# what is the best way to ship t-shirts USPS (boxes or in bags)?



## fwynn

HELLO EVERYONE,

I AM CLEAR ON THE FACT THE BEST WAY TO PACKAGE MY T-SHIRTS WILL PROBABLY BE THE POLY BAGS. BUT WHAT IS THE BEST WAY TO SEND THESE POLY BAGS (WITH SHIRTS ENCLOSED OF COURSE) VIA MAIL. SHOULD I USE BOXES OR ENVELOPES, AND DOES THE USPS STILL OFFER FREE BOXES? WHERE IS THE LEAST EXPENSIVE PLACE TO ORDER THE ENVELOPES?

I WOULD BE VERY GREATFUL FOR ANY AND ALL FEED BACK. AND SUGGESTIONS.


----------



## scg

*Re: Usps boxes*

If your going to send them priority mail then I would most definitely get the free boxes and envelopes from USPS. You can order online and they ship them to you free of charge.

For plain envelopes we do a google search before buying each time to find the best prices(since sales and prices vary all the time)


----------



## fwynn

*Re: Usps boxes*



scg said:


> If your going to send them priority mail then I would most definitely get the free boxes and envelopes from USPS. You can order online and they ship them to you free of charge.
> 
> For plain envelopes we do a google search before buying each time to find the best prices(since sales and prices vary all the time)


 Thanks for the reply it was very helpful!


----------



## splathead

*Re: Usps boxes*

Generally, if you are shipping 1 tee, it's cheaper to ship first class vs. priority. 

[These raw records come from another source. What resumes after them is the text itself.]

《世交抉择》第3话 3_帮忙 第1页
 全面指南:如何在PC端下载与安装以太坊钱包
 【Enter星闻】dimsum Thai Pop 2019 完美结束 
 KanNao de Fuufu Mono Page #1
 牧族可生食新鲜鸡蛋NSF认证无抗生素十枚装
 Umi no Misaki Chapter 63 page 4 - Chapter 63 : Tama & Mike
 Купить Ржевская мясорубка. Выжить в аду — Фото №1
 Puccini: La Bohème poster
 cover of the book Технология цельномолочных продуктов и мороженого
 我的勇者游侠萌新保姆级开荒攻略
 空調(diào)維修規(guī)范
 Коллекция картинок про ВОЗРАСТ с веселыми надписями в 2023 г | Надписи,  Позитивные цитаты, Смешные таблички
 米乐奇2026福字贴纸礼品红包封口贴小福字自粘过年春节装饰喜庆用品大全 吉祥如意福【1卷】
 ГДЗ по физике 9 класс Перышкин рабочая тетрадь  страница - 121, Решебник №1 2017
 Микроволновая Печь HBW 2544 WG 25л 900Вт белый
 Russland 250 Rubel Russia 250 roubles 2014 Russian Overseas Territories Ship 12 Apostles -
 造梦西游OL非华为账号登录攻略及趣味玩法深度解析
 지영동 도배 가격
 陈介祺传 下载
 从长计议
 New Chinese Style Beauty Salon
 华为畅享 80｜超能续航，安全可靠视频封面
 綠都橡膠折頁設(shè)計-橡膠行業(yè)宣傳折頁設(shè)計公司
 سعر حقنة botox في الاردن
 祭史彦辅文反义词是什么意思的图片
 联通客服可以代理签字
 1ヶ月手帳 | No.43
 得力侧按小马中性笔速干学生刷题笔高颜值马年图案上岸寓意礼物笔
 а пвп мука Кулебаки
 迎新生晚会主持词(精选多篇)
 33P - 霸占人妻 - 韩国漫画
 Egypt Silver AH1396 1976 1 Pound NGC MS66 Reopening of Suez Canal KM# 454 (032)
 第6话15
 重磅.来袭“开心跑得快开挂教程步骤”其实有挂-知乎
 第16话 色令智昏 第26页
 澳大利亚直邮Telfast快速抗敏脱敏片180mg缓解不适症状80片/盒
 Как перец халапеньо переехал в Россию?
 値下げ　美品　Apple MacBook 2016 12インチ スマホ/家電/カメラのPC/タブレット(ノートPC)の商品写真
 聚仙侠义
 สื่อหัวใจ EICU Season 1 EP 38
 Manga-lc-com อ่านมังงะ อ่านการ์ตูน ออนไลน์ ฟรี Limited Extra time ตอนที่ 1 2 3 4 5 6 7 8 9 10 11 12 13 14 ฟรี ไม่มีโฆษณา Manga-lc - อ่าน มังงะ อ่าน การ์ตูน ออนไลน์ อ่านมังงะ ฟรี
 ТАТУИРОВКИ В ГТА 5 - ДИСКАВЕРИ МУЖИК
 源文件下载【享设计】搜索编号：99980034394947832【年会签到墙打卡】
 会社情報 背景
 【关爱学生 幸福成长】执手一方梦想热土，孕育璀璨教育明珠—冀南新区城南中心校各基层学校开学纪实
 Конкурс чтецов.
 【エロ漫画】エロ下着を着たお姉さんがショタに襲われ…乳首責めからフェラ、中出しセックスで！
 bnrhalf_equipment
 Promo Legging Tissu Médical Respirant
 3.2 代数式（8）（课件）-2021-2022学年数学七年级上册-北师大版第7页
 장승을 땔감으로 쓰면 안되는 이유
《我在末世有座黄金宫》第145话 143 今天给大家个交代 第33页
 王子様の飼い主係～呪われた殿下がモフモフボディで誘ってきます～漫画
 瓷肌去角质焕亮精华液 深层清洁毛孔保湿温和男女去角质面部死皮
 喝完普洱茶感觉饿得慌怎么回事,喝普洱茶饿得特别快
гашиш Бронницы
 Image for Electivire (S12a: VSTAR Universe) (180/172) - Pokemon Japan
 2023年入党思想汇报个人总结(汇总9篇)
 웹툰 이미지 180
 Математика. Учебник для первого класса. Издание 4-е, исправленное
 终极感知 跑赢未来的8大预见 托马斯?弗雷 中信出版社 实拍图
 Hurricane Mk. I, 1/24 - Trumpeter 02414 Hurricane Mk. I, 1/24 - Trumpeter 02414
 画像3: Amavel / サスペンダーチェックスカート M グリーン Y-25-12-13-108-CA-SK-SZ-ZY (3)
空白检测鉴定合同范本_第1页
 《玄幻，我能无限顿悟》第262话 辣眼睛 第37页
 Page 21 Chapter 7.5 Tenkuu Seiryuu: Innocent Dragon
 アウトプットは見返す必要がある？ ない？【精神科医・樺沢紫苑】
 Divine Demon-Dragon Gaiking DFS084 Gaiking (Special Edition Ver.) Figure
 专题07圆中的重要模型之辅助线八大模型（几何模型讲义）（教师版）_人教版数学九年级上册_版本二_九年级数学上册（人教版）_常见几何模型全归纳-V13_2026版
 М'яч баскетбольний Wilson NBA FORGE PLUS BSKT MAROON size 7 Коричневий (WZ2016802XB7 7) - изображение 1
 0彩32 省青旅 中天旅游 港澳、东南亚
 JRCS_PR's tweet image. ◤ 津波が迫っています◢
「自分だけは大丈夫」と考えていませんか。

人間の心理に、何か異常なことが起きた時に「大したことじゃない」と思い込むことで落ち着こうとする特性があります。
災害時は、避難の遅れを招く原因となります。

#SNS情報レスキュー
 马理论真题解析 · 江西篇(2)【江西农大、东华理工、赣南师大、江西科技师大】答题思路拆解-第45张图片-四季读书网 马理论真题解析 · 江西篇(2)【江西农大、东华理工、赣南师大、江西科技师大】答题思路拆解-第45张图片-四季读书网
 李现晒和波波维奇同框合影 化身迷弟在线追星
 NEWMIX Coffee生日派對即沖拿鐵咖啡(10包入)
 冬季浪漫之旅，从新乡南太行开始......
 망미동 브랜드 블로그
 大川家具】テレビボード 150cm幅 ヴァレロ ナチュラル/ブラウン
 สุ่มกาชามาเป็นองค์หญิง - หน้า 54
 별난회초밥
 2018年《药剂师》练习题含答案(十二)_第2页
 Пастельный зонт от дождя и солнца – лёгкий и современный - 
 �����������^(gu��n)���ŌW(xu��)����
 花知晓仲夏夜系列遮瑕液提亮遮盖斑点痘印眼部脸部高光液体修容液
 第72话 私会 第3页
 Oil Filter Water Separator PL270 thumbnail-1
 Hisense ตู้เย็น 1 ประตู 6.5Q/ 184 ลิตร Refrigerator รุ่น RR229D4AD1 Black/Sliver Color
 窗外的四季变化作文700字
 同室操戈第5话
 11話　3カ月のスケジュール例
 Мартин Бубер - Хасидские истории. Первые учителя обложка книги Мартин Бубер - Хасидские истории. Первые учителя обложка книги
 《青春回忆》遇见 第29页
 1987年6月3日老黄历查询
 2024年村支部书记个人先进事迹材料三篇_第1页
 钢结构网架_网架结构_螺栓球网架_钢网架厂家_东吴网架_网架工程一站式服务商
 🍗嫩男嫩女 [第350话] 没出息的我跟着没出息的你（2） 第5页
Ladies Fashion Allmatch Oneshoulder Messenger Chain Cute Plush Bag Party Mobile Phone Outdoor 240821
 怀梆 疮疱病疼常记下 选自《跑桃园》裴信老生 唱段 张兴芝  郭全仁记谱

Since poly mailers are lighter than a box, I would use poly mailers. Many here order poly mailers from ebay or ULINE - Cardboard Boxes, Shipping Supplies, Packaging Materials, Plastic Bags.


----------



## fwynn

*Re: Usps boxes*



splathead said:


> Generally, if you are shipping 1 tee, it's cheaper to ship first class vs. priority.
> 
> Since poly mailers are lighter than a box, I would use poly mailers. Many here order poly mailers from ebay or ULINE - Cardboard Boxes, Shipping Supplies, Packaging Materials, Plastic Bags.


 Thanks a bunch! I really appreciated all of you guys's help


----------



## Clothing Labels

*Re: Usps boxes*

Yes, send first class---priority will cost you $5-7---the wholesale cost of your shirt!


----------



## dptk

*Re: Usps boxes*

poly mailers 1st class mail , going to cost you $2-$3 /EA to ship


----------



## Rodney

*Re: Usps boxes*



fwynn said:


> HELLO EVERYONE,
> 
> I AM CLEAR ON THE FACT THE BEST WAY TO PACKAGE MY T-SHIRTS WILL PROBABLY BE THE POLY BAGS. BUT WHAT IS THE BEST WAY TO SEND THESE POLY BAGS (WITH SHIRTS ENCLOSED OF COURSE) VIA MAIL. SHOULD I USE BOXES OR ENVELOPES, AND DOES THE USPS STILL OFFER FREE BOXES? WHERE IS THE LEAST EXPENSIVE PLACE TO ORDER THE ENVELOPES?
> 
> I WOULD BE VERY GREATFUL FOR ANY AND ALL FEED BACK. AND SUGGESTIONS.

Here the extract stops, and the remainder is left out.